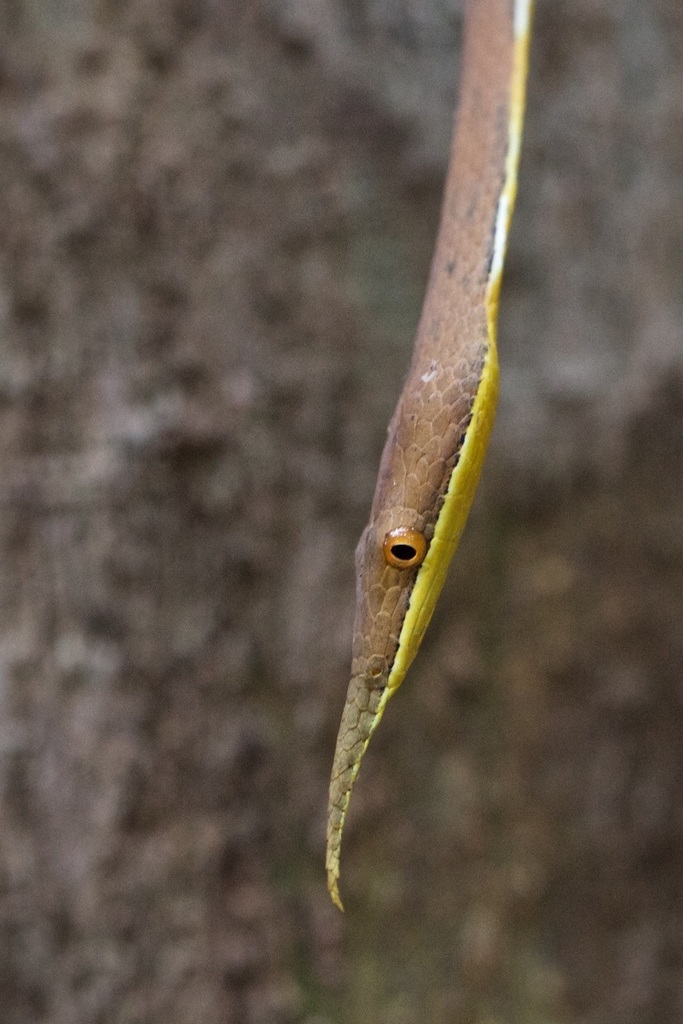 Malagasy Leaf-nosed Snakes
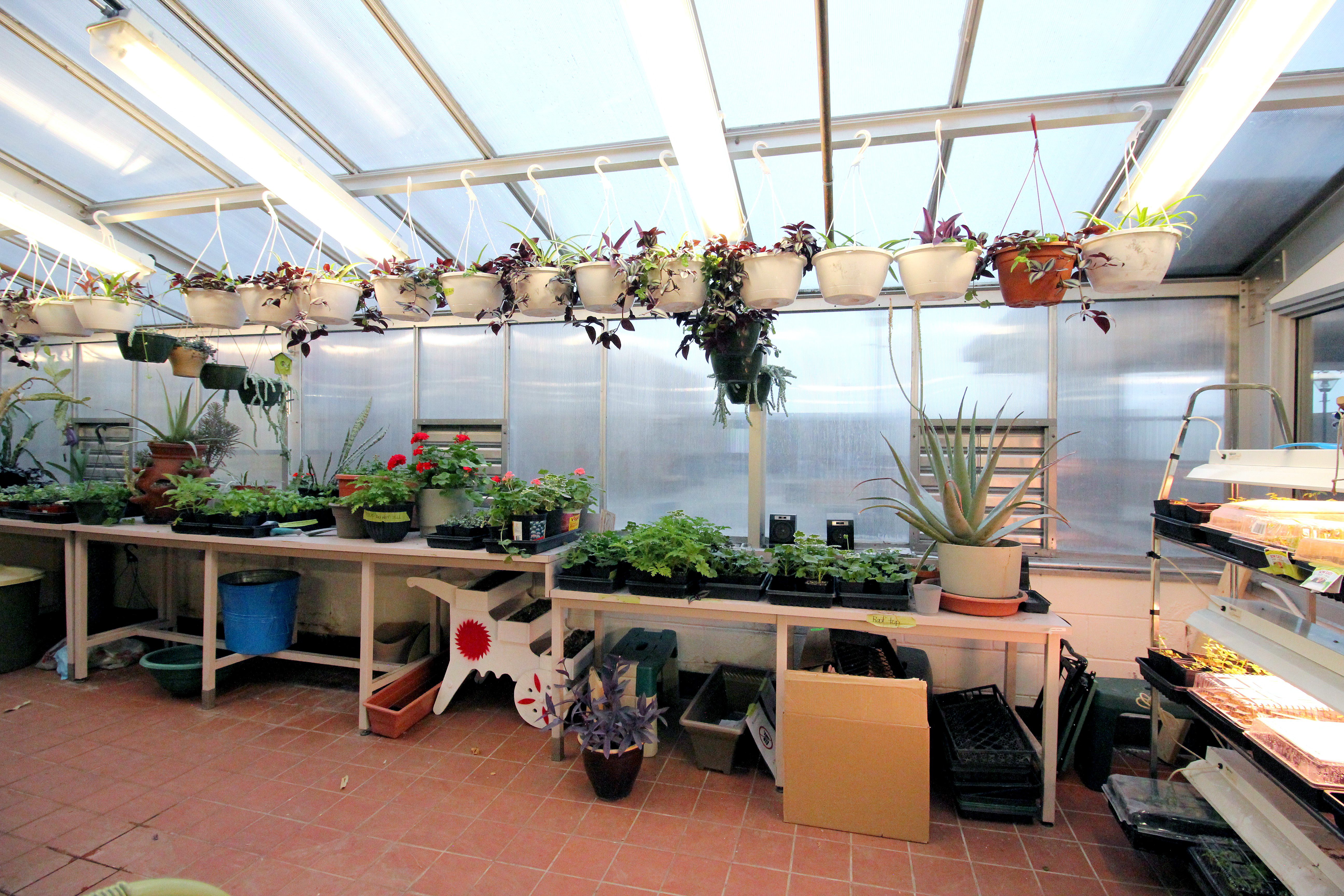 fanning-garden0983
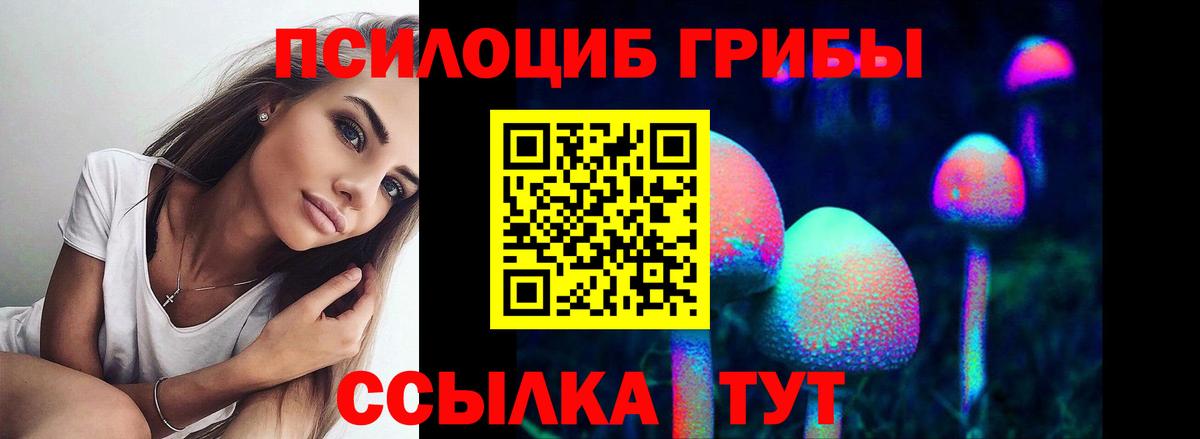 Псилоцибиновые грибы Psilocybine cubensis Вязьма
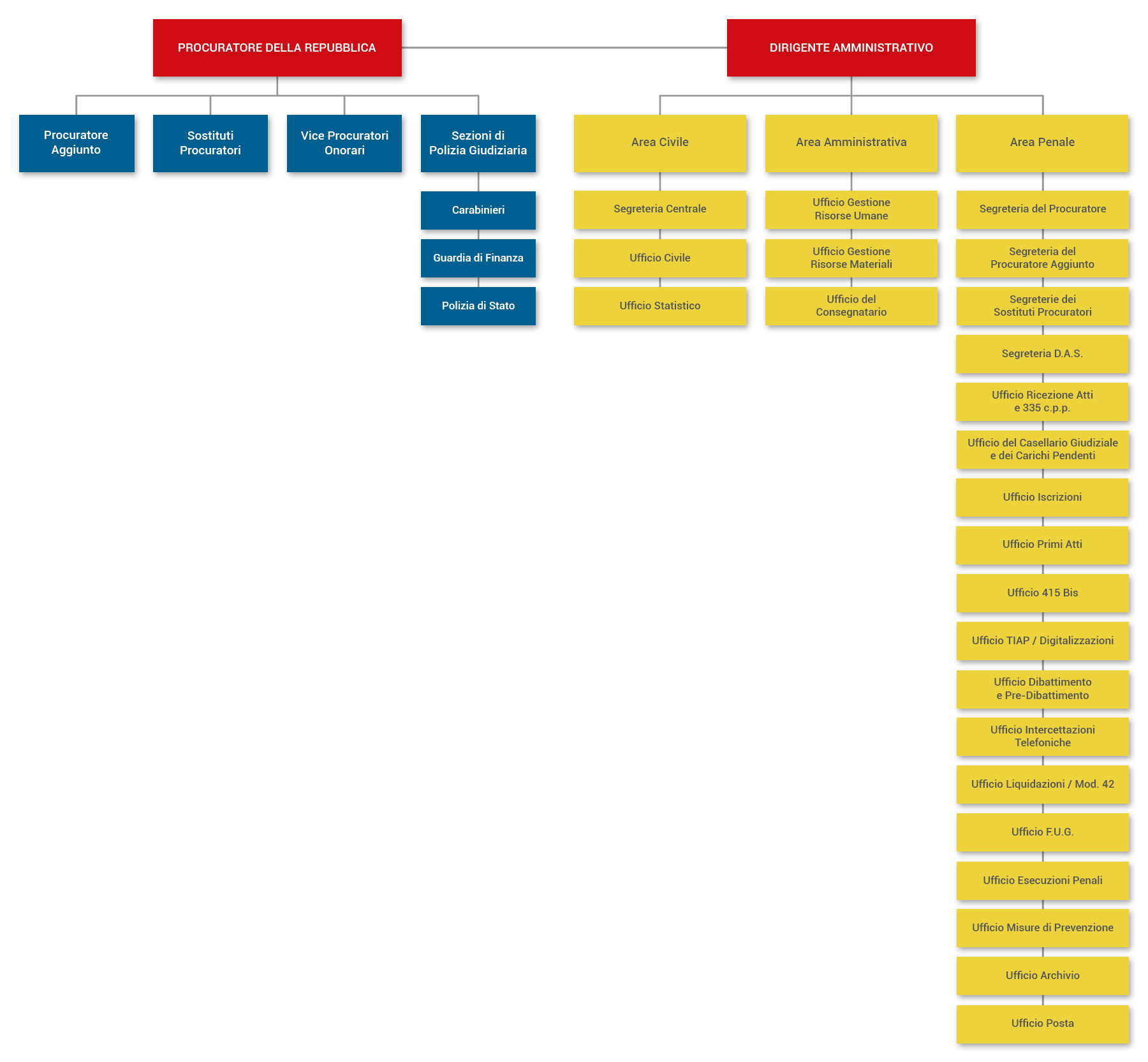 struttura organizzativa.png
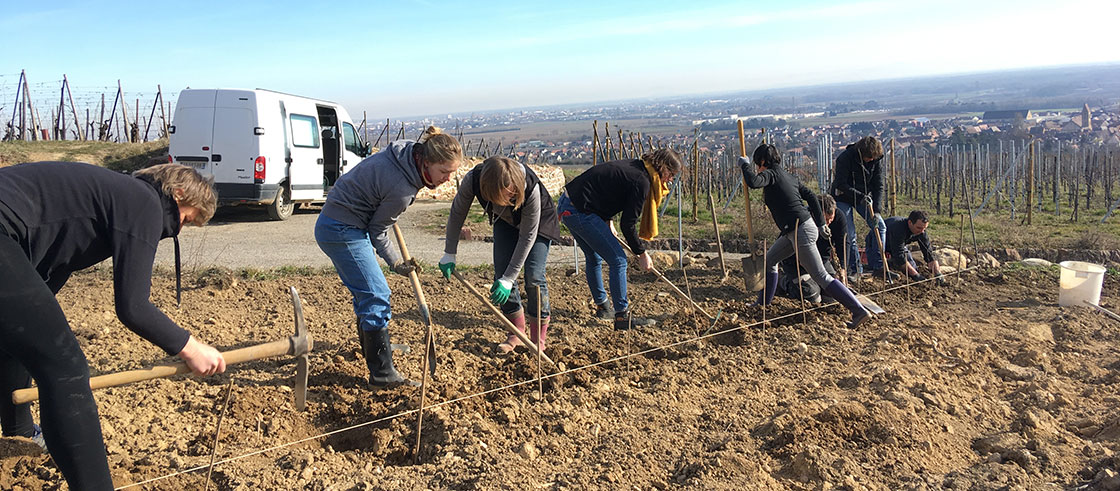 Vignoble action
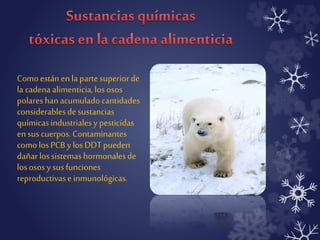 Como están en la parte superior de 
la cadena alimenticia, los osos 
polares han acumulado cantidades 
considerables de sustancias 
químicas industriales y pesticidas 
en sus cuerpos. Contaminantes 
como los PCB y los DDT pueden 
dañar los sistemas hormonales de 
los osos y sus funciones 
reproductivas e inmunológicas. 
 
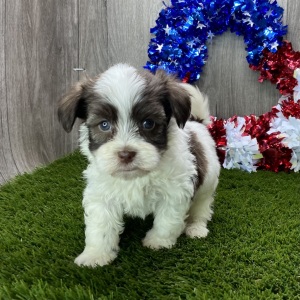Havanese Puppy Hank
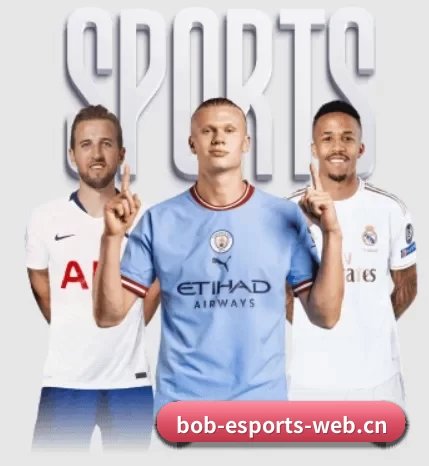 BOB电竞 APP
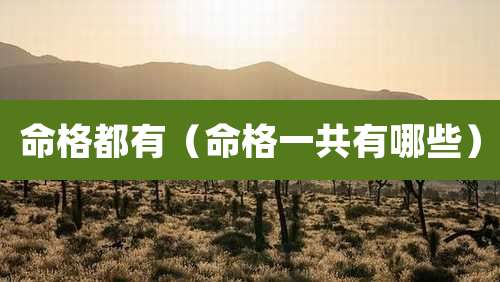 命格都有(命格一共有哪些)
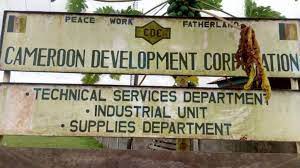 Economy :  Corporation Management  Urging Government To Maintain Status.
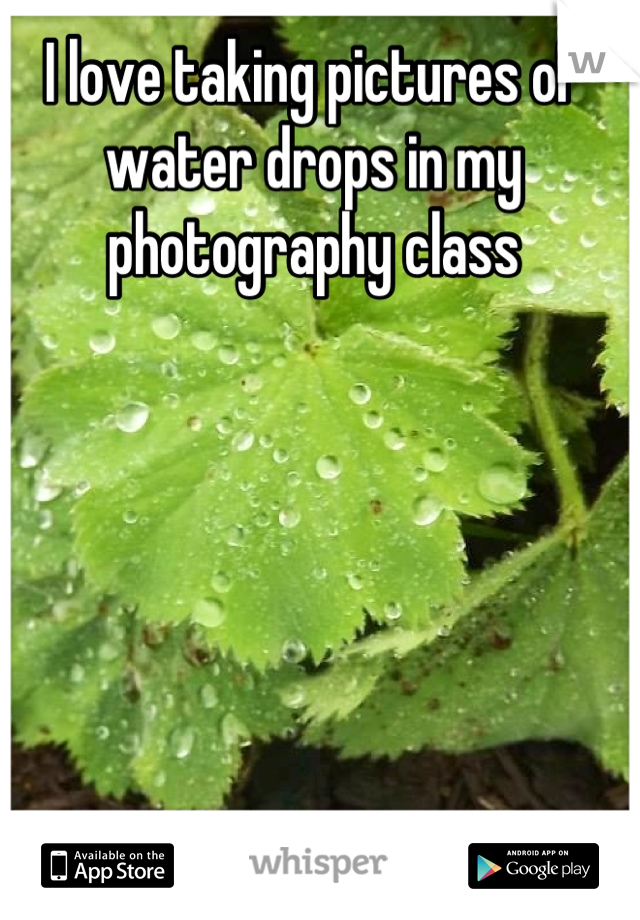 I love taking pictures of water drops in my photography class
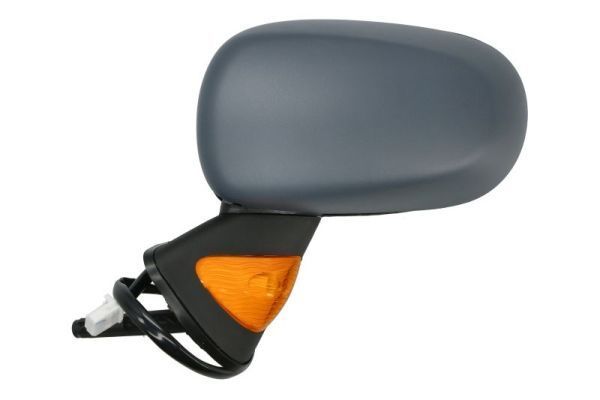 Išorinis veidrodėlis BLIC 5402-04-1131179P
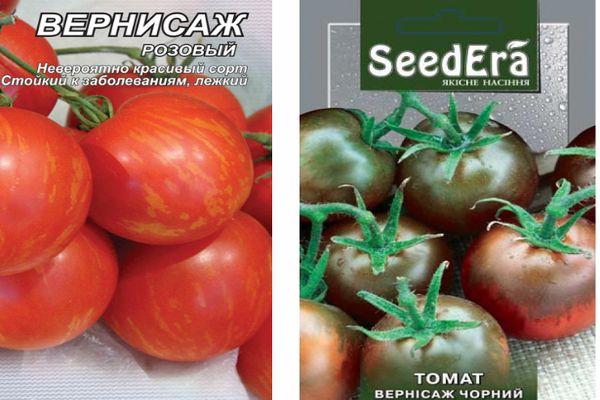 เมล็ดมะเขือเทศ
# # #
Work order - Your copy must reproduce the entries above in full, without their pictures.

Exercise response -
 Malagasy Leaf-nosed Snakes
 fanning-garden0983
 Псилоцибиновые грибы Psilocybine cubensis Вязьма
 struttura organizzativa.png
 Vignoble action
 Como están en la parte superior de 
la cadena alimenticia, los osos 
polares han acumulado cantidades 
considerables de sustancias 
químicas industriales y pesticidas 
en sus cuerpos. Contaminantes 
como los PCB y los DDT pueden 
dañar los sistemas hormonales de 
los osos y sus funciones 
reproductivas e inmunológicas. 
 
Havanese Puppy Hank
 BOB电竞 APP
 命格都有(命格一共有哪些)
 Economy :  Corporation Management  Urging Government To Maintain Status.
 I love taking pictures of water drops in my photography class
 Išorinis veidrodėlis BLIC 5402-04-1131179P
 เมล็ดมะเขือเทศ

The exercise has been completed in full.